Accusez-vous le gouvernement de ne pas dire la vérité ?
Chido, en shimahorais, signifie « miroir ». Et c’est exactement ça. L’île a été comme passée sous un chalumeau géant. Toute la végétation a été rasée, ce qui a révélé une réalité jusque-là dissimulée : Mayotte est mitée de bidonvilles, partout. Avant, ces bidonvilles étaient cachés par la végétation. Maintenant, on voit l’ampleur du problème. Cela nous ramène au grand mensonge concernant Mayotte : le nombre réel de personnes présentes sur l’île. Cela fait des années que j’alerte sur ce sujet. Il y a au moins 500 000 habitants, probablement plus, mais les services publics continuent d’affirmer qu’il y en a 320 000. Or, on ne mène pas les mêmes politiques publiques si l’on pense qu’il y a 320 000 personnes ou 500 à 600 000. Aujourd’hui, la situation à Mayotte est catastrophique. Le sentiment des Mahorais, que je me dois de rapporter, est clair : l’ensemble des aides mises en œuvre a été concentré sur les bidonvilles, car les pouvoirs publics considèrent leurs habitants comme les plus démunis. Cela crée un sentiment d’injustice terrible parmi les Mahorais. Je n’aurais jamais pu mesurer, depuis la métropole, avec les informations qu’on me donnait, la gravité de la situation que j’ai constatée sur place.

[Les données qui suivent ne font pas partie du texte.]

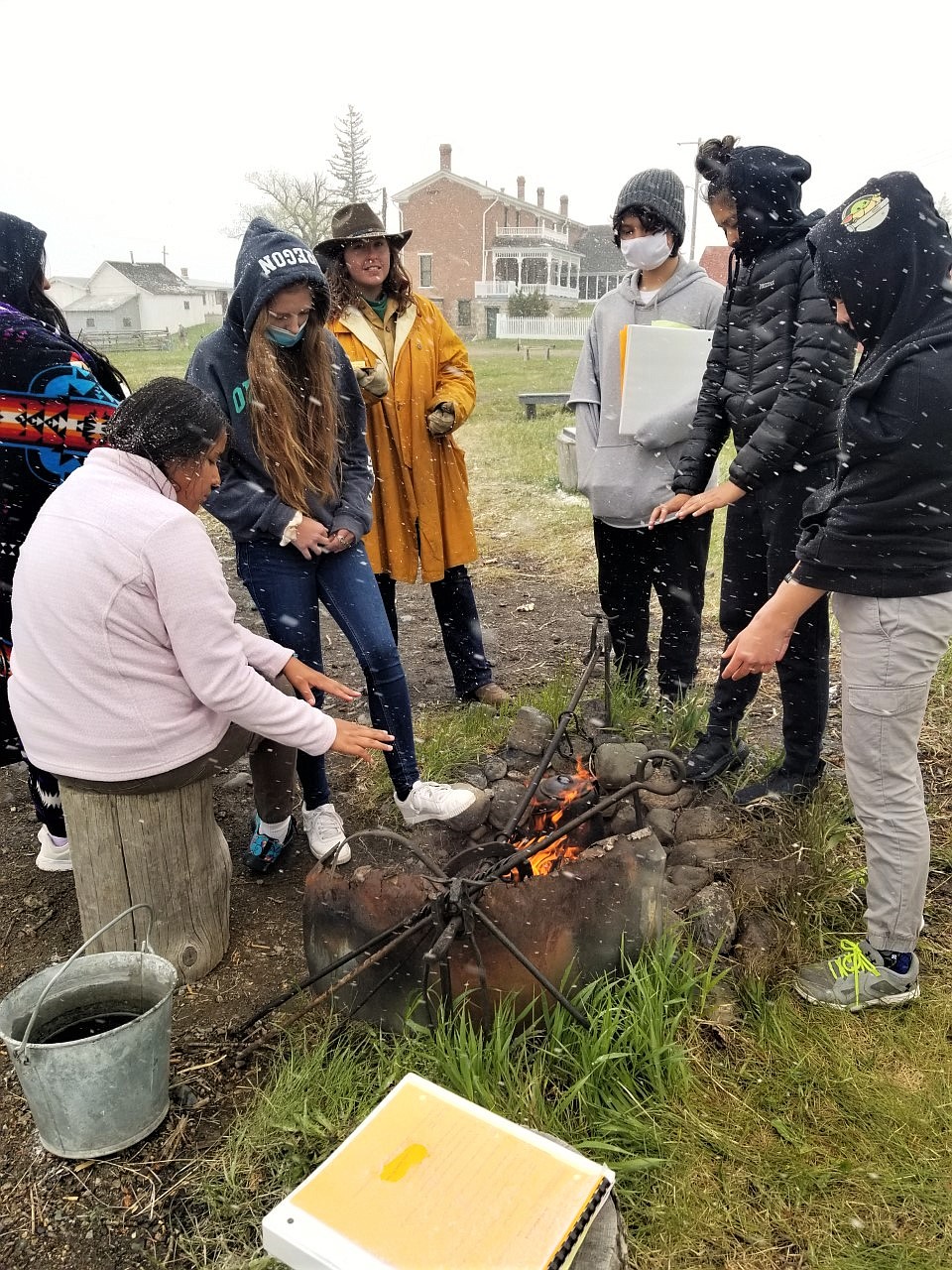 Unseasonably cold weather made the chuckwagon fire at Grant Kohrs Ranch a choice gathering spot for the annual eighth-grade Montana history field tour. (Courtesy of Stacey Doll)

S’agit-il, selon vous, de déni ou de dissimulation de la part du gouvernement ?
En réalité, ce déni se retrouve partout. Reconnaître la réalité de l’immigration clandestine, c’est accepter la responsabilité de cette situation, ce que les politiques refusent de faire. Et surtout, cela les confronterait immédiatement à la question suivante : « Qu’allez-vous faire ? » Or, ils ne veulent pas qu’on leur pose cette question. Alors, ils entretiennent ce déni, mais ce sont les populations qui en subissent les conséquences.
Emmanuel Macron ment-il en affirmant que l’eau est accessible partout à Mayotte ?
Je ne suis même pas sûre qu’il mente. Je crois qu’il répercute simplement les mensonges qu’on lui transmet. Car tout le monde ment. Le problème, c’est que personne ne cherche la vérité. Certaines personnes ont pourtant averti ces responsables politiques : « Attention à ce que vous dites, ce n’est pas la réalité. » Mais dans un système où tout le monde se ment, personne ne veut être celui qui dit la vérité. Parce que celui qui dit la vérité devient coupable.
Quelles solutions proposez-vous pour répondre à la problématique cruciale de l’accès à l’eau ?
Il faut absolument construire une usine de désalinisation. Nous ne pouvons pas continuer à dépendre d’un réseau d’eau complètement vétuste, constamment soumis à des branchements illégaux. Il faut aussi une usine de traitement des déchets, car c’est un problème écologique majeur. Je ne comprends pas que les écologistes ne s’intéressent pas à cette situation. Mayotte est en danger de mort écologique. Aujourd’hui, Mayotte est entourée d’une ceinture marron de terre qui s’étend sur plusieurs centaines de mètres, voire des kilomètres, dans l’un des plus beaux lagons de France. Cette situation exige des décisions d’une ampleur bien supérieure à ce qui est actuellement envisagé. Je vais demander à rencontrer Manuel Valls et Sébastien Lecornu pour leur dire tout cela. Après, ils en feront ce qu’ils veulent.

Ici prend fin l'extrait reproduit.